Connie Ann Kirk (born February 14, 1957) is an American author. Her books cover a range of subjects including concise literary biographies for students, bio-critical literary studies, and references. She has also written a fiction picture book for children. Her articles, both in print and online, address topics in literature, poetry, popular culture, history, education, art, television, science, sports, and film.

==Life and education==
Connie Ann Kirk was born on February 14, 1957, in Wellsville, New York, and raised in upstate New York.

She received a Ph.D. in English literature and creative writing from Binghamton University in 2004.

==Career==

===Published works===
Among Kirk's first published books include several titles for Greenwood Press's series of concise biographies for students. One of these, which became a bestseller for the press, was a biography of British author J. K. Rowling.

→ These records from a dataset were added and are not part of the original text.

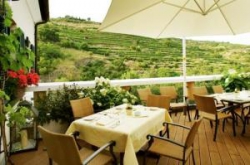 ���� ����� Steigenberger Avance 4*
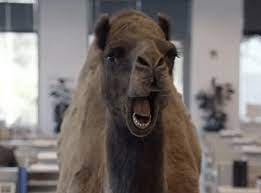 Hey.guess what day it is! What Triggers Word Of Mouth Marketing To Catch Fire
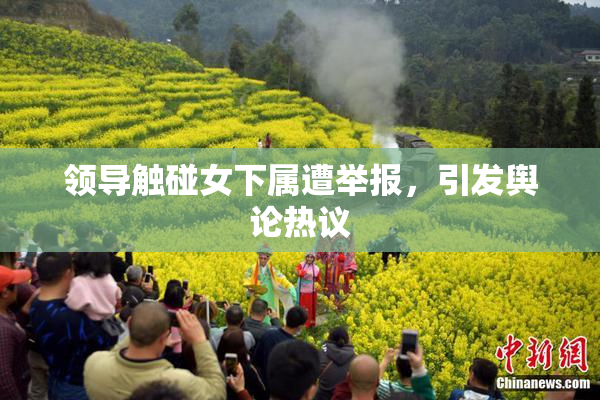 领导触碰女下属遭举报，引发舆论热议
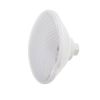 Lampada Ledinpool Ecoproof PAR56 - 60 LED Bianchi - 1450 lm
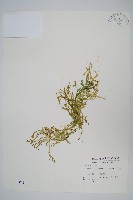 藏品(日本卷柏)的圖片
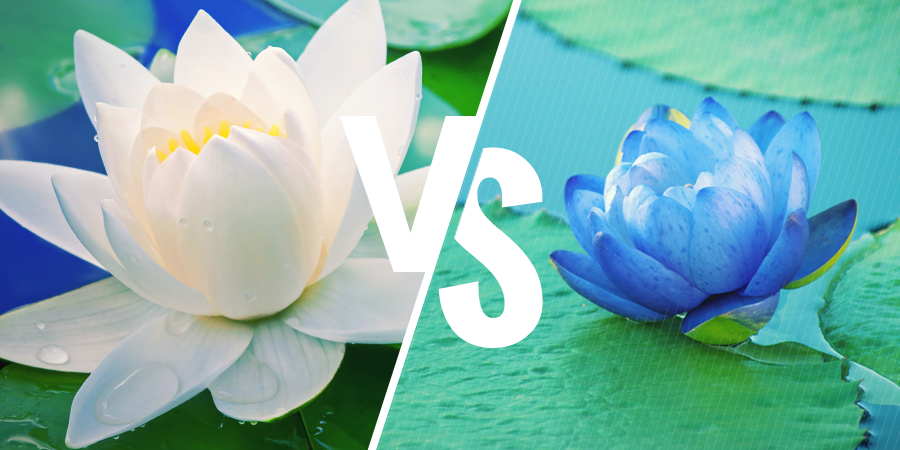 白莲花和蓝莲花有什么区别？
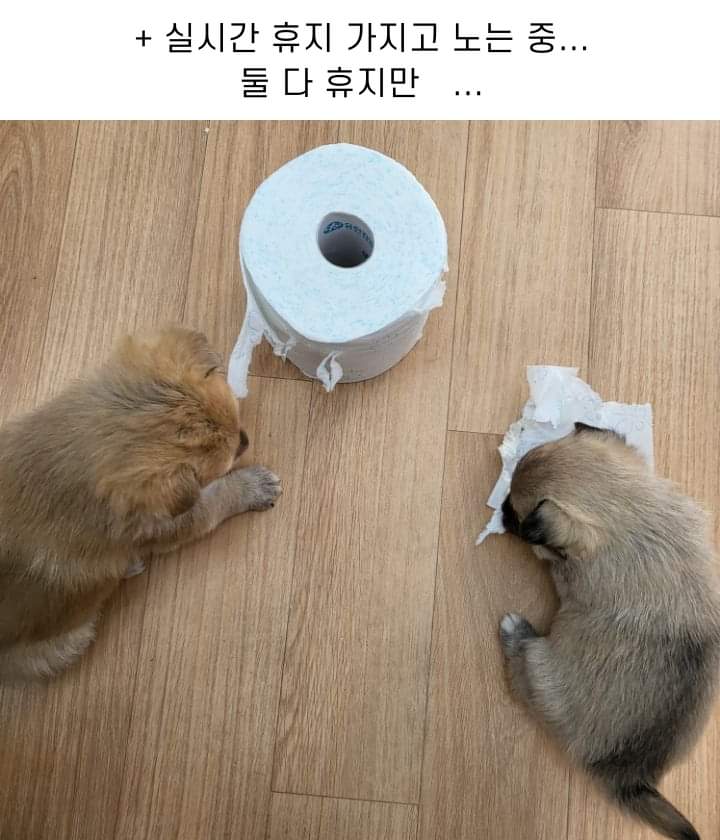 사무실에 있는 댕댕이들 | 인스티즈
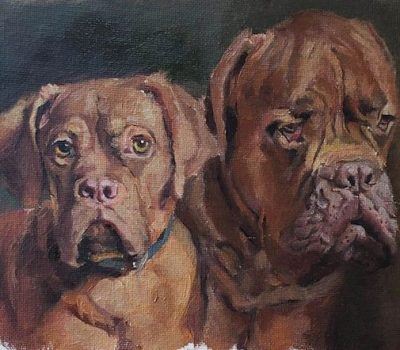 Dogue de Bordeaux, wrinkles, standards, head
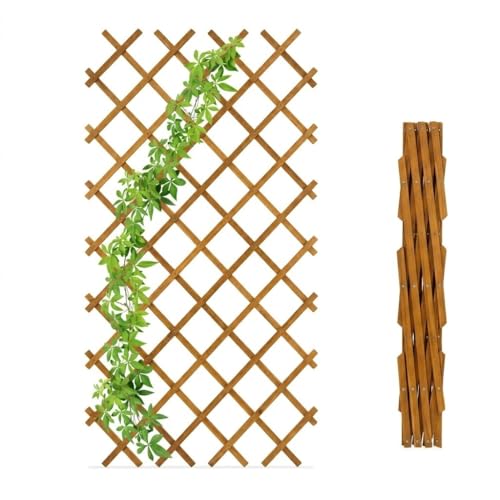 Traliccio Estensibile in Legno per Piante Rampicanti 120x180 cm -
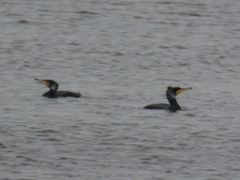 Phalacrocorax carbo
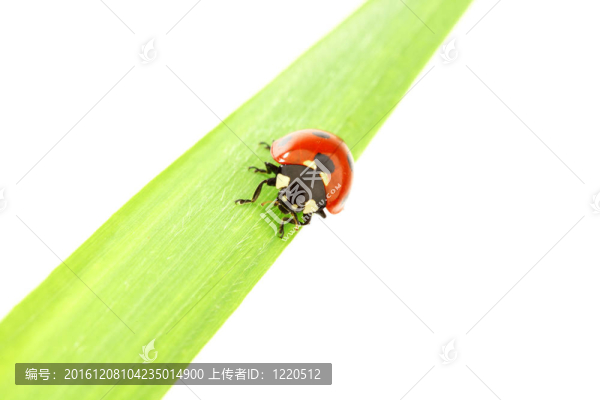 瓢蟲(chóng)在草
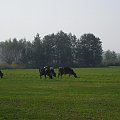 Z dedykacją dla Janusza.d Jest i pastuszek:) #ląka #krowy #mgly #jesień #natura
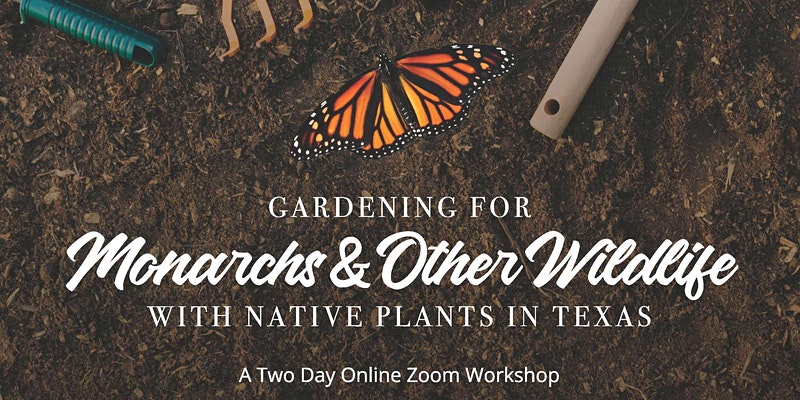 gardening for monarchs & other wildlife with native plants in Texas a two day online zoom workshop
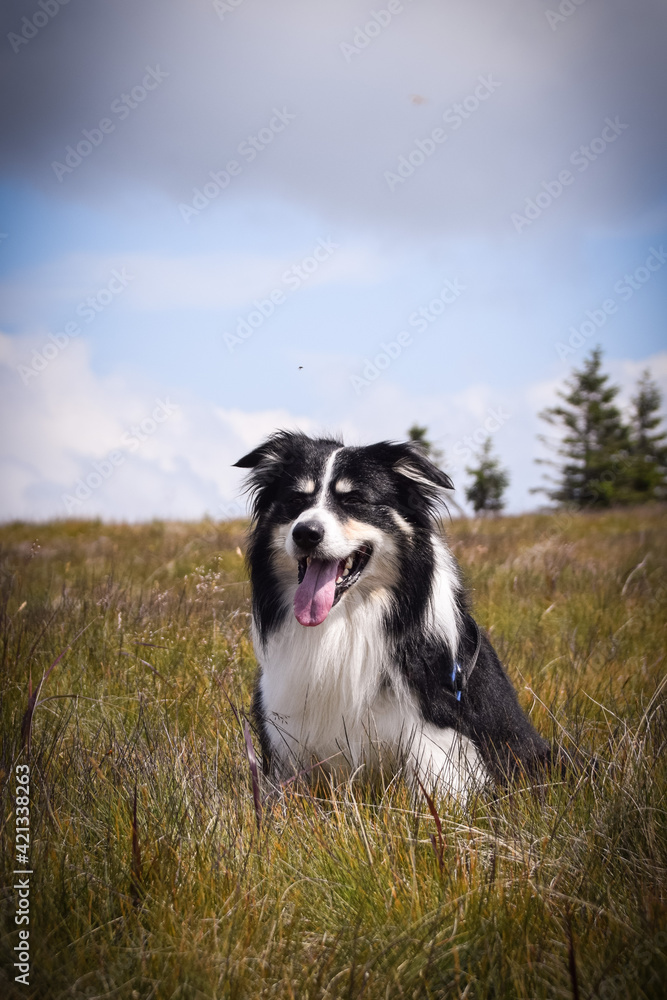 Border collie is sitting in the field in the nature, in mountain in czech republic. She is very happy.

A reviewer at the School Library Journal wrote that "the scholarly writing style and evaluative content make this volume useful to high school students studying Rowling and her work."

That book has been translated into Japanese, Chinese, and Estonian.

In 2004, Kirk's children's picture book -- Sky Dancers—was published by Lee & Low Books. Sky Dancers is about the Mohawk skyscraper builders in 1930s New York City and was selected by The Children's Book Committee at Bank Street College of Education for their Best Children's Books of the Year and by Rutgers University's EconKids program as one of their "Top 5 Books on Human Resources."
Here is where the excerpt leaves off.